# EXERCISE BRIEF
Output only the lines below that start at the line containing "Living area featuring" and end at the line containing "Pre-cut wedge holes", with both ends kept.

# MATERIALS PROVIDED
:::::

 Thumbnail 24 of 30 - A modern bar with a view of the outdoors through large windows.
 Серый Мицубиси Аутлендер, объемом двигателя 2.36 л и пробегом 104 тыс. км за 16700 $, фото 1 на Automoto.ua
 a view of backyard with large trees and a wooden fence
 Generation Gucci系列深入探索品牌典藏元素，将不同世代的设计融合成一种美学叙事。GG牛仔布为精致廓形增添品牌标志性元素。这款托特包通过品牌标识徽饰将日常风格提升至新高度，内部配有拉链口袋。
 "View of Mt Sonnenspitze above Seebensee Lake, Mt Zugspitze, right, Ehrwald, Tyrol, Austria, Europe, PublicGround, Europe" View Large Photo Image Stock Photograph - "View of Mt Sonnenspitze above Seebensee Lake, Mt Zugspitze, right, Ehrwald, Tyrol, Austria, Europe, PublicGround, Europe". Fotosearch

:::::

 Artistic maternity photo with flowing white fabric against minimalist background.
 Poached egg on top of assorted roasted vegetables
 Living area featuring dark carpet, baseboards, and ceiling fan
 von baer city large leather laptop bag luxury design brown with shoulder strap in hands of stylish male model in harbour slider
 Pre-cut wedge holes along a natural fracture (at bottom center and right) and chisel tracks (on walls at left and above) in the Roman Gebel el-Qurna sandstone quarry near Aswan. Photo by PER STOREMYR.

:::::

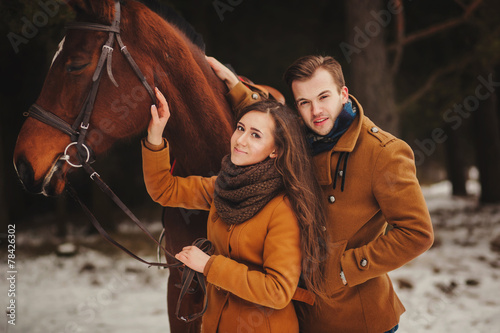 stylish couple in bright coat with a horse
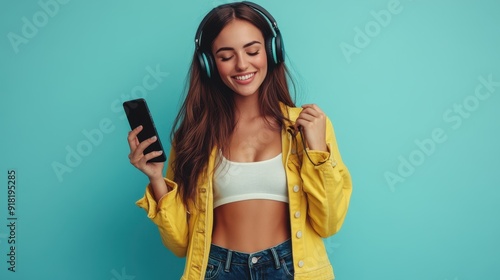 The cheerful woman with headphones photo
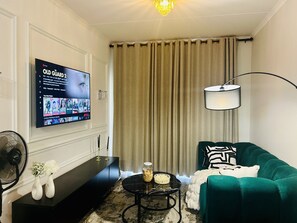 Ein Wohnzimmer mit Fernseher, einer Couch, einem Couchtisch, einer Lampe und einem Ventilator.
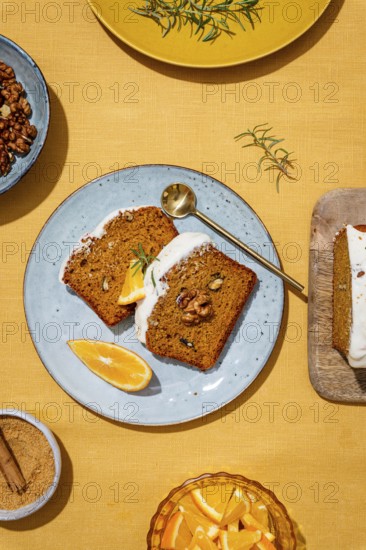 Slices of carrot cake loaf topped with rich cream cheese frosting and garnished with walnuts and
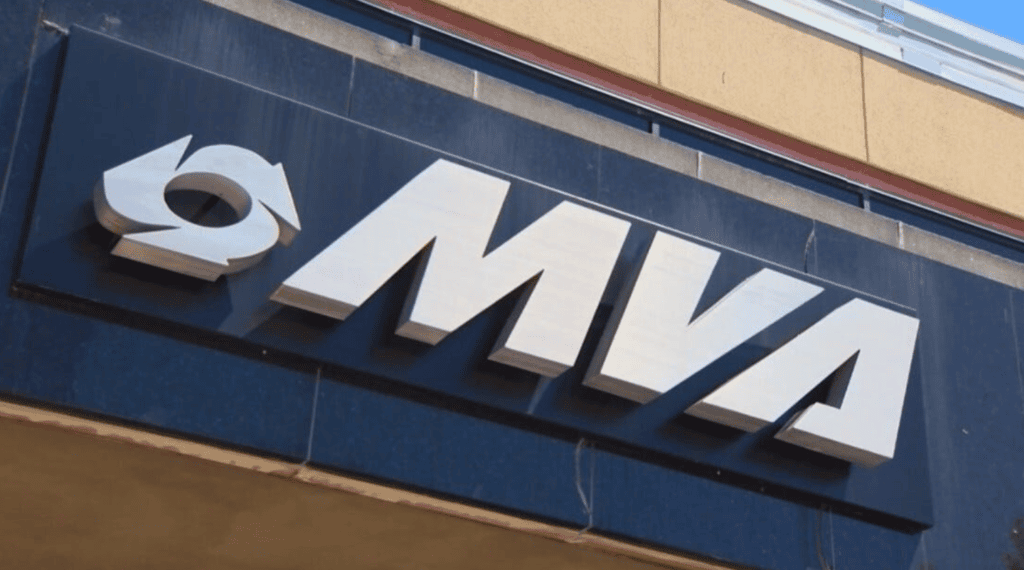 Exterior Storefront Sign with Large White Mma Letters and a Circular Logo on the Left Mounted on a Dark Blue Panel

:::::

# ANSWER TO THIS PROBLEM
 Living area featuring dark carpet, baseboards, and ceiling fan
 von baer city large leather laptop bag luxury design brown with shoulder strap in hands of stylish male model in harbour slider
 Pre-cut wedge holes along a natural fracture (at bottom center and right) and chisel tracks (on walls at left and above) in the Roman Gebel el-Qurna sandstone quarry near Aswan. Photo by PER STOREMYR.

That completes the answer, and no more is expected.